■ WHAT THIS TASK INVOLVES
Skip every picture, then write out exactly the lines of the listing below from the line that contains "Mark Styling Croc-Texture" through the final line.
Start of RAW DATA
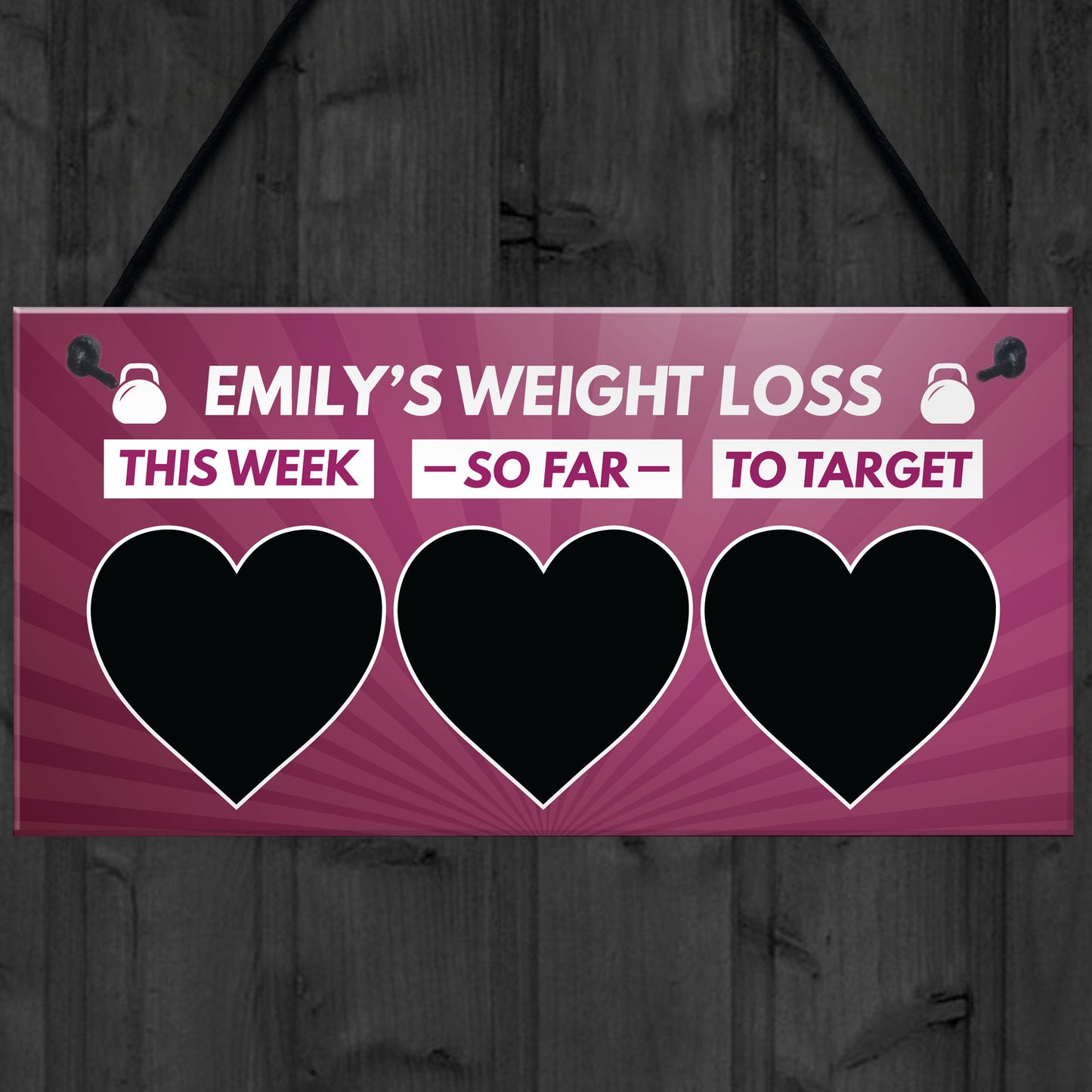 Personalised Weight Loss Sign Motivational Gift Weight Watchers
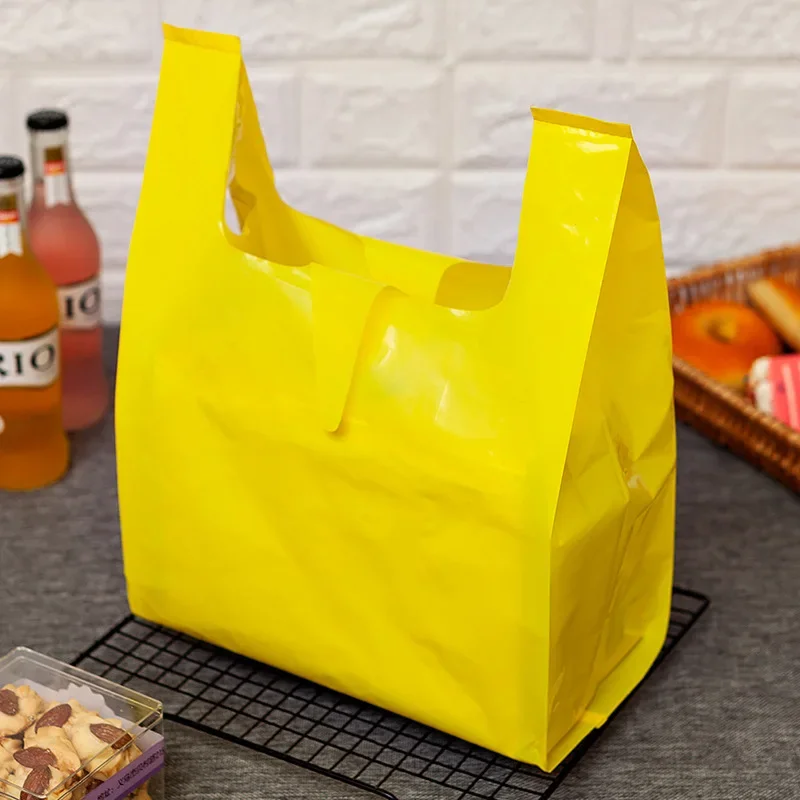 50Pcs Solid Color Thicken Plastic BagTakeaway Dessert Supermarket Grocery Shopping Plastic Bags with Handle Food Packaging Bag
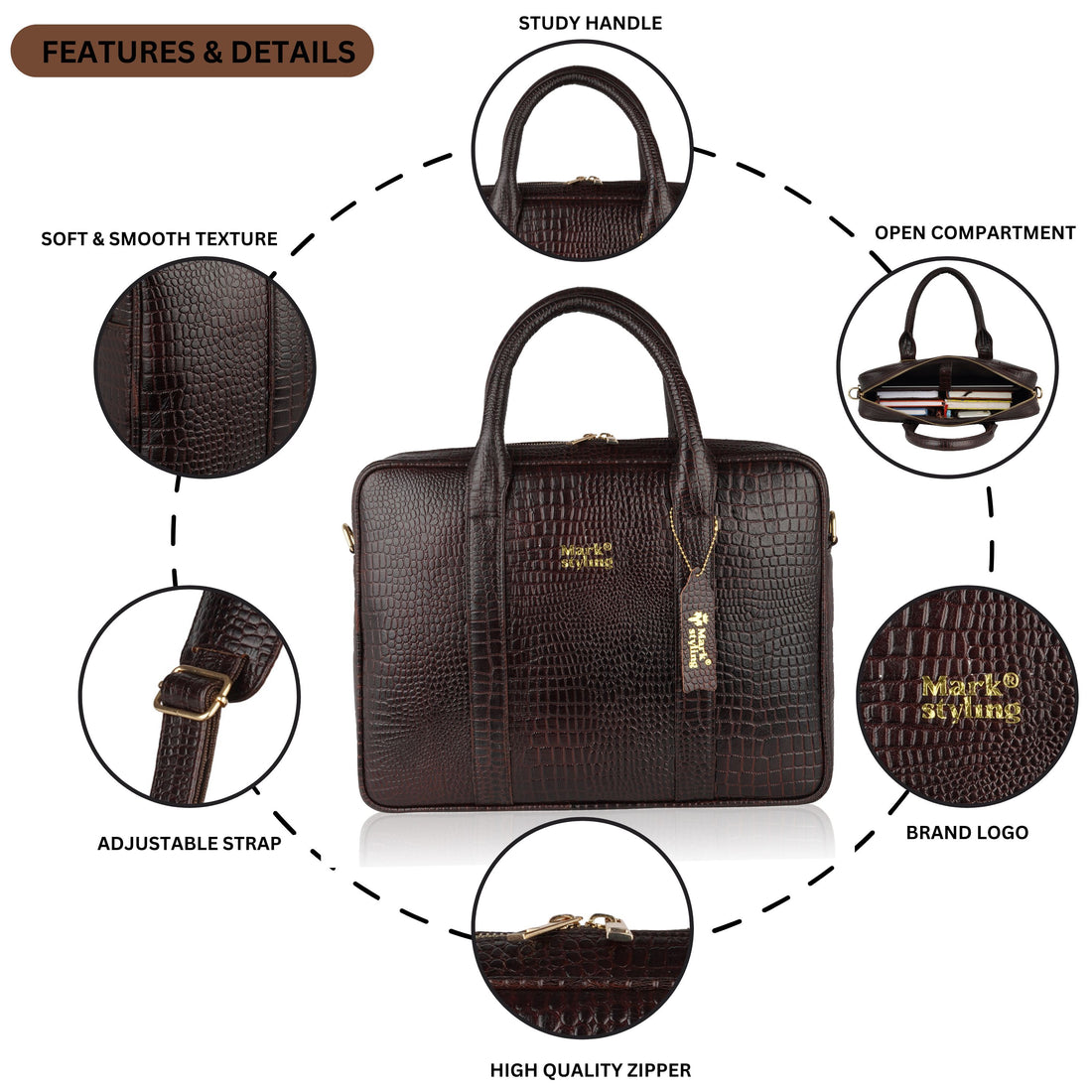 Mark Styling Croc-Texture Dark Brown Executive Laptop Bag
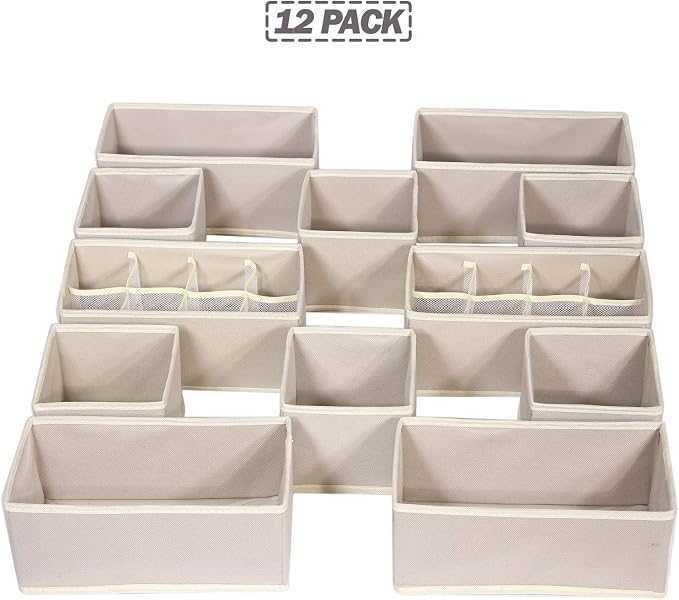 12 Pack Foldable Drawer Organizer Dividers Cloth Storage Box Closet Dresser Organizer Cube Fabric Containers Basket Bins for Underwear Bras Socks Panties Lingeries Nursery Baby Clothes Beige NN246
End of RAW DATA
■ EXERCISE RESULT
 Mark Styling Croc-Texture Dark Brown Executive Laptop Bag
 12 Pack Foldable Drawer Organizer Dividers Cloth Storage Box Closet Dresser Organizer Cube Fabric Containers Basket Bins for Underwear Bras Socks Panties Lingeries Nursery Baby Clothes Beige NN246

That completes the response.